Adolf Hitler (Unit 8)

The laws show Hitler converting the racial ideology of Mein Kampf into state policy just two years after taking power in 1933. They're prime evidence for how totalitarian regimes used law itself as a tool of persecution, not just secret police and violence.

Are the Nuremberg Laws on the AP Euro exam?

Multiple-choice questions typically test the Nuremberg Laws in two ways. First, identification within Nazi ideology, asking which aspect of Nazism the laws represent (answer: racial antisemitism and the construction of a 'new racial order'). Second, escalation and sequencing, asking why the laws were a turning point or how Nazi policy moved from legal discrimination (1935) to organized violence at Kristallnacht (1938) to genocide. No released FRQ has used the term verbatim, but it's strong specific evidence for an LEQ or DBQ on fascism, totalitarianism, or the causes and course of the Holocaust. The move that earns points is precision. Don't just say 'the Nazis persecuted Jews.' Say the 1935 Nuremberg Laws stripped Jews of citizenship and defined Jewish identity by ancestry, then use that to argue escalation over time.

The Nuremberg Laws vs Kristallnacht

Both are pre-war Nazi persecution, but they're different phases. The Nuremberg Laws (1935) were legal discrimination, written statutes stripping citizenship and banning intermarriage. Kristallnacht (November 1938) was physical violence, a state-orchestrated pogrom that destroyed synagogues, Jewish businesses, and homes. If a question asks about the shift from law to violence, Nuremberg is the 'before' and Kristallnacht is the 'after.'

Key things to remember about the Nuremberg Laws

  • The Nuremberg Laws were enacted in 1935 and stripped German Jews of citizenship while banning marriage and sexual relations between Jews and people of 'German or related blood.'

  • The laws defined Jewishness by ancestry rather than religious practice, which made Nazi antisemitism racial and inescapable rather than religious.

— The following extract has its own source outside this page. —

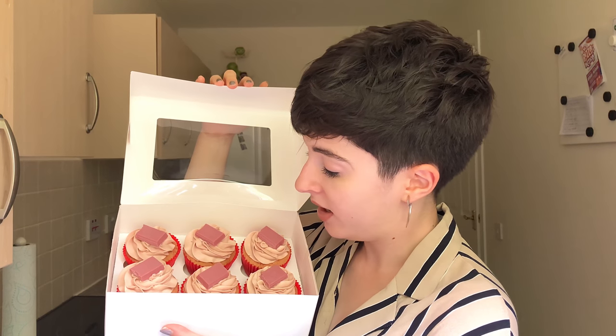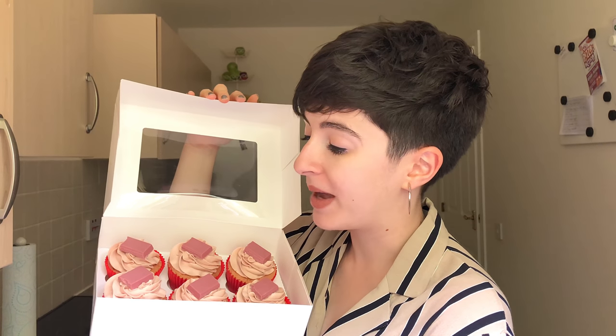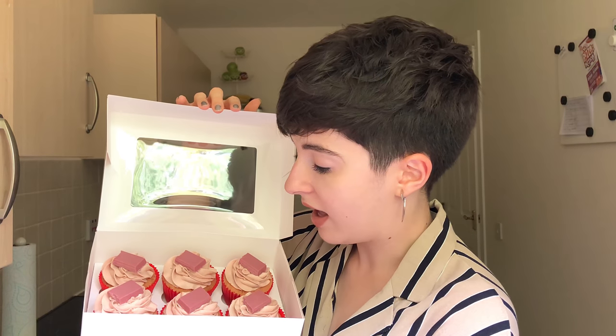So there we have it guys — I'm so happy with how these turned out. I'm about to deliver these to some very lucky people, but just to show you these ruby cupcakes — how good do they look? The sponge didn't really bake up that pink, but it baked up a nice sort of pinky beige colour. And then we have that gorgeous ruby chocolate icing — I cannot tell you how much it takes of ruby chocolate. It's thick, it's sweet, it's got all the tanginess from the chocolate, and the icing has absolutely no food colouring in it — that is all natural. And of course, some delicious slabs of ruby chocolate from Creighton's on top.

  • They marked the turning point where Nazi antisemitic ideology became official state law, the legal foundation of the 'new racial order' described in KC-4.1.III.D.

  • On the exam, use the Nuremberg Laws as evidence of escalation, moving from legal discrimination in 1935 to violence at Kristallnacht in 1938 to genocide during the Holocaust.

  • The laws connect Topic 8.1 (interwar fascism and extreme nationalism) to Topic 8.9 (the Holocaust), making them useful evidence for arguments about how totalitarian regimes reshaped national identity.

Frequently asked questions about the Nuremberg Laws

What were the Nuremberg Laws in AP Euro?

The Nuremberg Laws were two 1935 Nazi laws that stripped Jews of German citizenship and banned marriage between Jews and 'German blood' persons, defining Jewish identity by ancestry. In AP Euro they're tested as the legal turning point in Nazi persecution leading toward the Holocaust (Topics 8.1 and 8.9).

Did the Nuremberg Laws start the Holocaust?

Not directly. The laws didn't order killing; they were legal discrimination. But they created the racial categories and citizenship-stripping framework that made the Holocaust bureaucratically possible, which is why the AP exam treats them as a critical step in the escalation toward genocide.

How are the Nuremberg Laws different from Kristallnacht?

The Nuremberg Laws (1935) were written legal discrimination, while Kristallnacht (1938) was a state-organized night of violence against Jewish synagogues, businesses, and homes. Exam questions use the pair to test the shift from legal persecution to organized violence in Nazi Germany.

Who was considered Jewish under the Nuremberg Laws?

Jewishness was defined by ancestry, generally based on having Jewish grandparents, not by religious belief or practice. A converted Christian with Jewish grandparents was still legally Jewish, which shows the racial (not religious) nature of Nazi antisemitism.

Why are the Nuremberg Laws important for the AP Euro exam?

They're your most concrete evidence for Nazi Germany's 'new racial order' (KC-4.1.III.D) and for learning objective 8.9.A on how fascist powers reshaped national identity. They show up in multiple-choice questions about Nazi ideology and escalation, and they make strong specific evidence in LEQs and DBQs on totalitarianism or the Holocaust.